Des humains avant des chiffres

«Pour une ONG, la question principale est de savoir s’il y a une amélioration de la qualité des décisions prises», explique Philippe Bovey. «La procédure doit être juste. Si elle ne l’est pas, le requérant doit pouvoir faire recours, comme n’importe quel autre justiciable», poursuit-il. Et «il faut garder à l’esprit que l’asile est un droit pour des personnes qui son en danger, qui ont besoin d’aide» explique Marina Kaempf. «Il ne s’agit pas d’un fardeau, de chiffres et de coûts», ajoute-elle.

Et même si pour la FEPS cette loi permet une procédure équitable et respecte les droits des demandeurs, «elle regrette par contre la suppression des demandes d’asile dans les ambassades», informe Marina Kaempf. Du côté de l’EPER, «nous recommandons le oui, par pragmatisme», résume Philippe Bovey.

Un référendum qui réunit malgré eux des milieux totalement antinomiques

Que l’Union démocratique du centre (UDC) soit opposée à la loi sur l’asile n’a probablement étonné personne. Il n’est cependant pas le seul à se dresser contre cette dernière. Le parti d’extrême gauche, SolidaritéS, ainsi que certaines associations proches des migrants, comme le collectif R, qui a occupé plus d’un an l’église de Saint-Laurent à Lausanne, recommandent également de voter «non» le dimanche 5 juin prochain.
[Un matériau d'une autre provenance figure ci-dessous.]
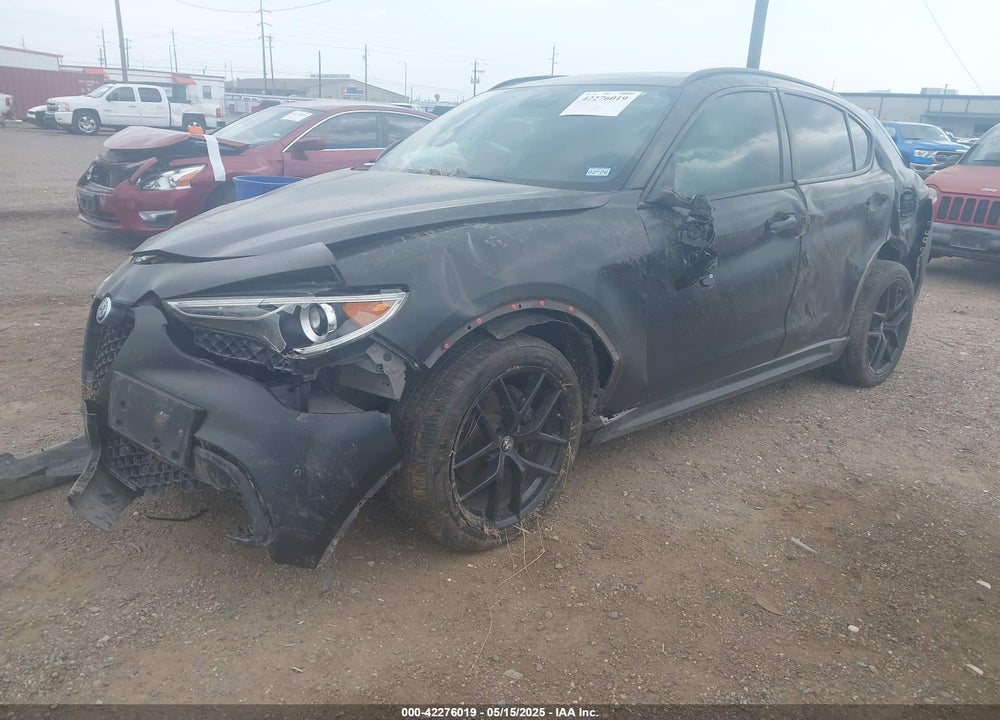 2019 ALFA ROMEO STELVIO VIN: ZASPAKBN9K7C51133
L’avocat Christophe Tafelmacher, coresponsable de SOS Asile Vaud et qui a également travaillé comme juriste au sein du SAJE dénonce un retour en arrière «avec un texte qui contient toutes les mesures contestées en 2012-2013. A ceci s’ajoutent les nouvelles dispositions concentrant la procédure dans des centres fédéraux, avec une série de restrictions à peine compensées par une aide juridique extrêmement limitée». Pour Solidarités sans frontières, «l’accélération des procédures ne peut se faire au détriment des droits des requérant-e-s d’asile. La centralisation quant à elle renforcera l’isolement physique et l’encasernement des requérant-e-s d’asile dans de grands centres loin du reste de la population.»

Même si les milieux proches des migrants et l’extrême gauche sont contre la loi sur l’asile, ils n’hésitent pas à afficher leurs désaccords aux arguments de l’UDC, qui s’oppose également à cette loi.